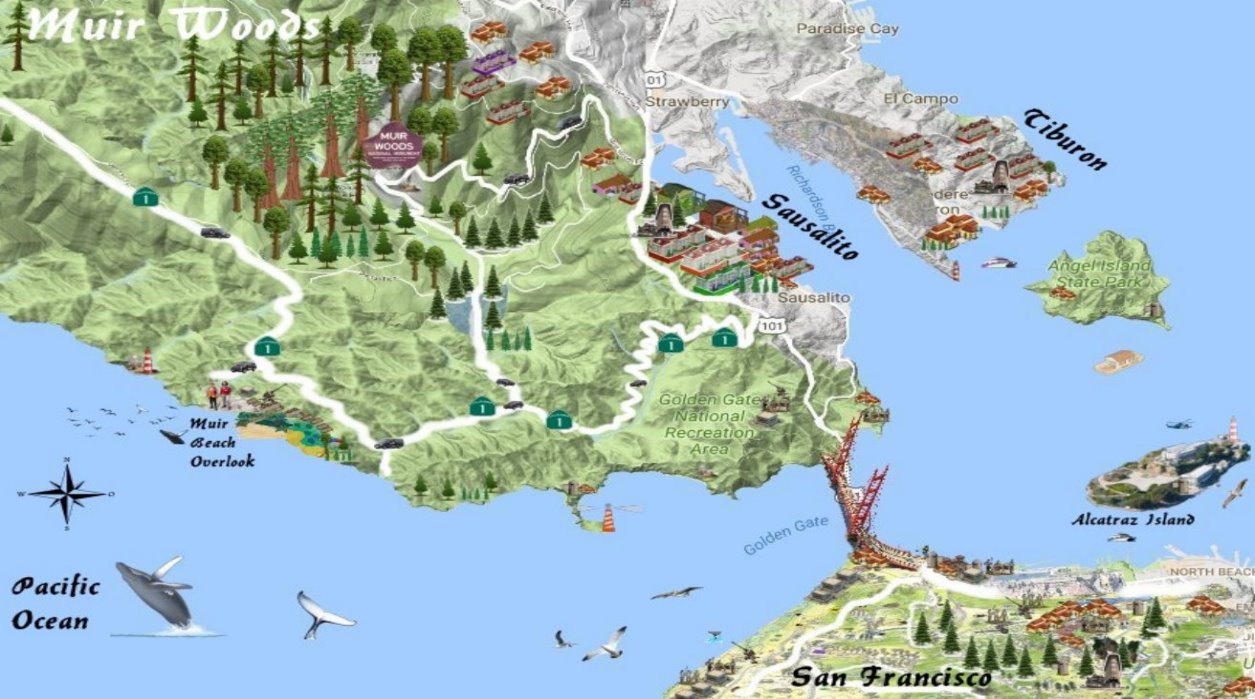 map of Muir Woods road itinerary from Alcatraz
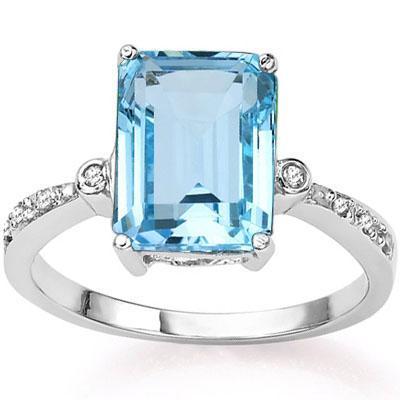 Wholesale Kings Fine Jewelry Rings Emerald Cut Baby Blue Topaz Ring with Diamond Accents in 14K Gold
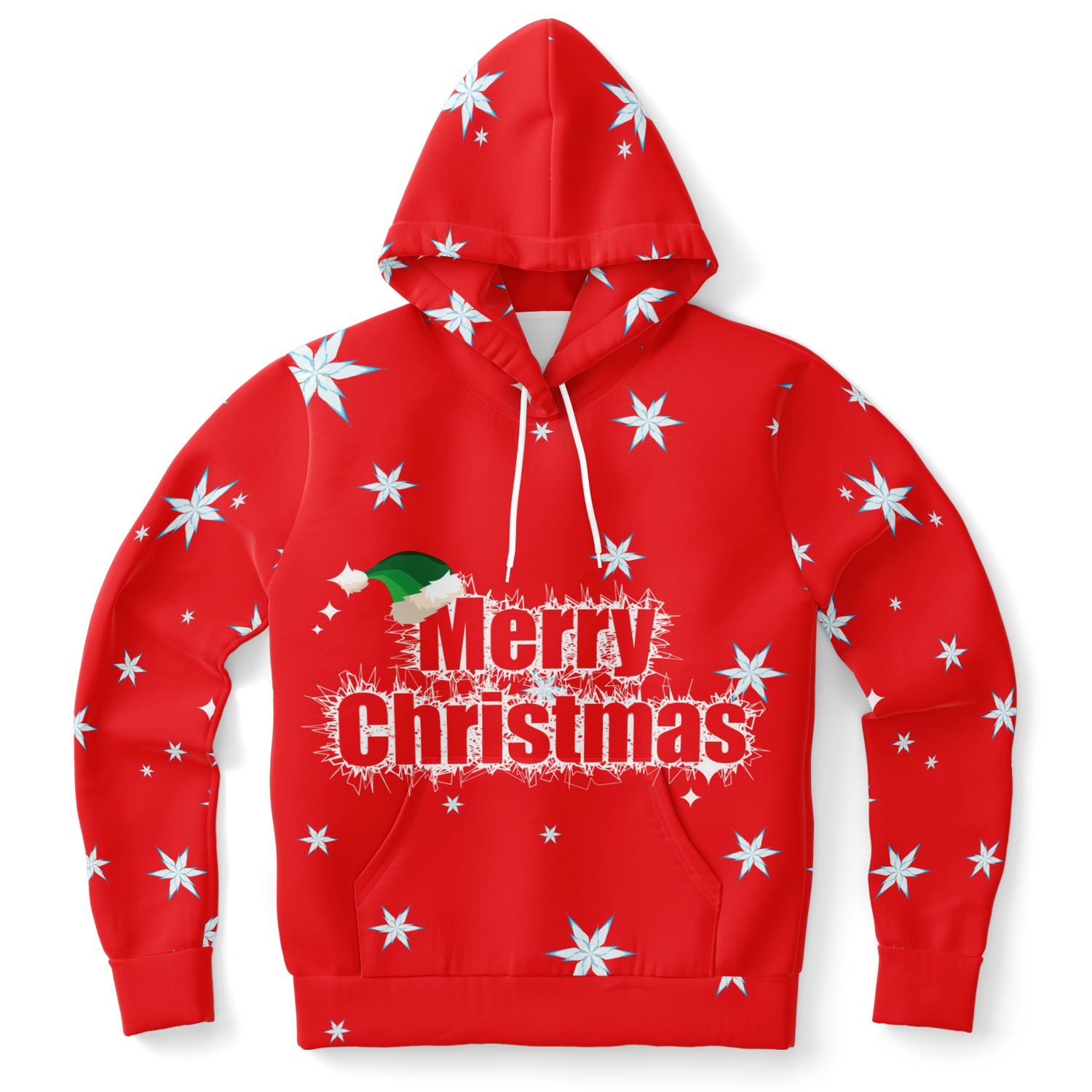Front view of red hoodie with Merry Christmas text and white snowflake pattern.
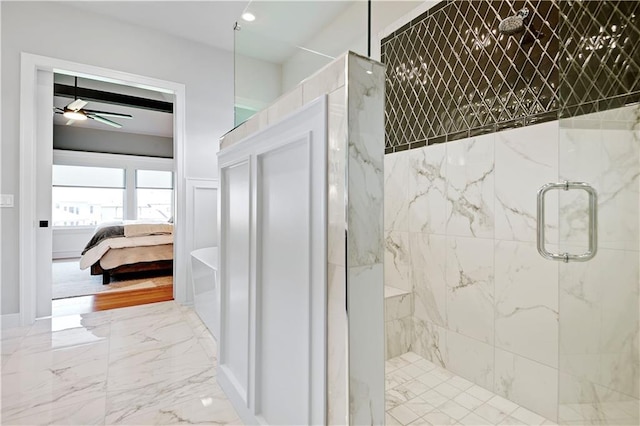 11126 W 172nd Ter, Overland Park, KS 66221 - bathroom featuring a marble finish shower, ceiling fan, marble tiled flooring, and ensuite bathroom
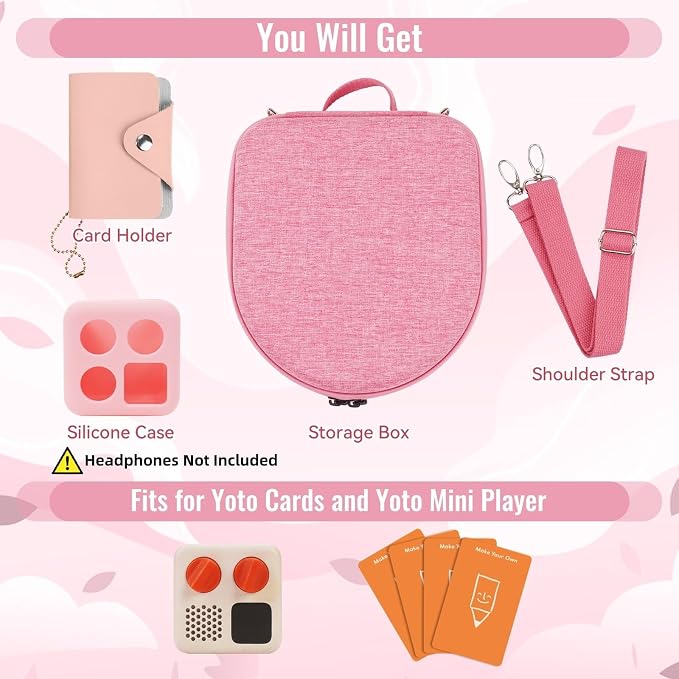 Hard Case Compatible with Yoto Mini (2024 Edition), 3-in-1 Travel Bundle: Silicone Cover + Case with Shoulder Strap (Fits Mini Player & Headphones) + Up to 10 Card Holder for YOTO Cards (Pink)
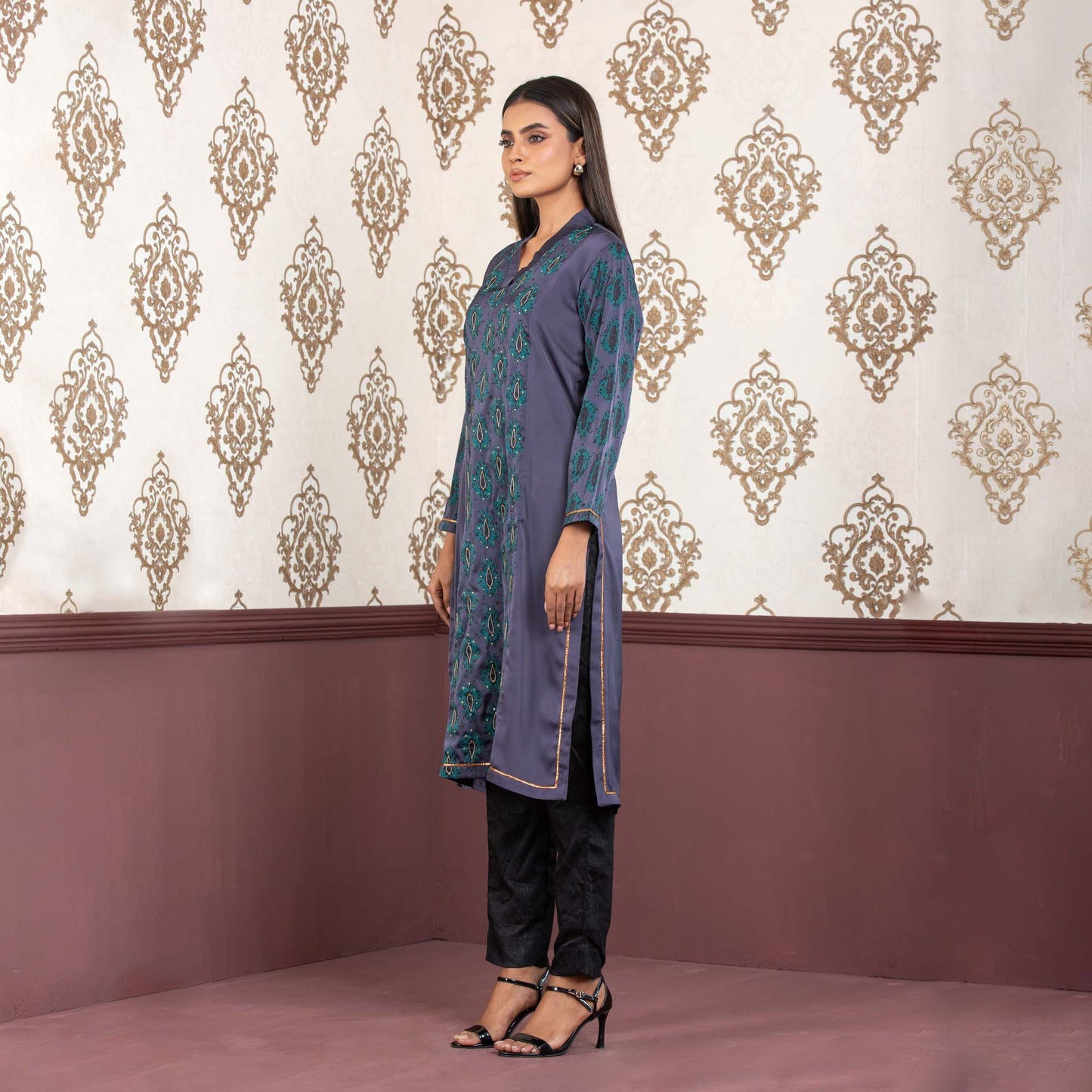 ETHNIC PREMIUM KURTI-DARK ASH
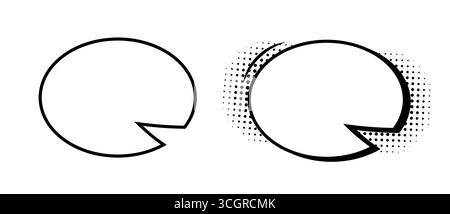 Empty comic speech bubbles with a semitone on a white background. Stock Vector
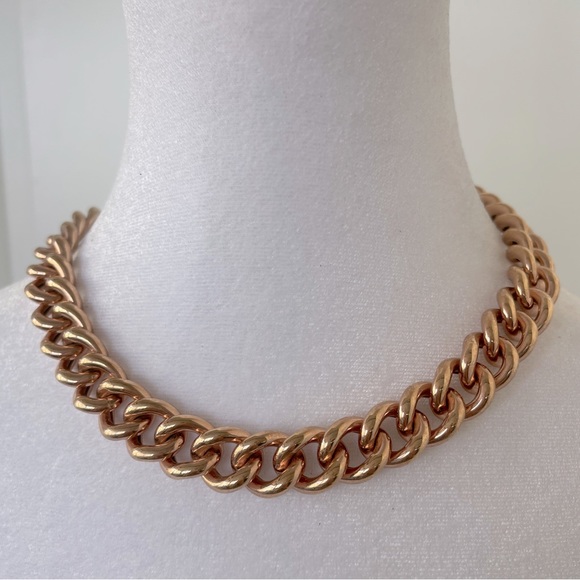 Rose Gold  Plated Chunky Lightweight Necklace - Picture 2 of 10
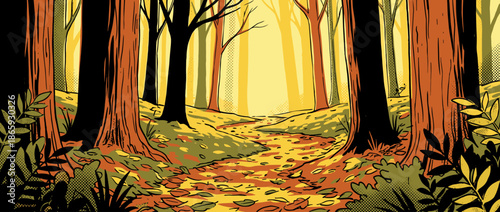 Illustrated autumn forest path with fallen leaves winding through trees in a warm, serene comic book style with halftone shading and a bright glow in the distance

▶ _TASK DETAILS_
Exclude the images, then output the data above word for word.

▶ _WRITTEN ANSWER_
 map of Muir Woods road itinerary from Alcatraz
 Wholesale Kings Fine Jewelry Rings Emerald Cut Baby Blue Topaz Ring with Diamond Accents in 14K Gold
Front view of red hoodie with Merry Christmas text and white snowflake pattern.
 11126 W 172nd Ter, Overland Park, KS 66221 - bathroom featuring a marble finish shower, ceiling fan, marble tiled flooring, and ensuite bathroom
 Hard Case Compatible with Yoto Mini (2024 Edition), 3-in-1 Travel Bundle: Silicone Cover + Case with Shoulder Strap (Fits Mini Player & Headphones) + Up to 10 Card Holder for YOTO Cards (Pink)
 ETHNIC PREMIUM KURTI-DARK ASH
 Empty comic speech bubbles with a semitone on a white background. Stock Vector
 Rose Gold  Plated Chunky Lightweight Necklace - Picture 2 of 10
 Illustrated autumn forest path with fallen leaves winding through trees in a warm, serene comic book style with halftone shading and a bright glow in the distance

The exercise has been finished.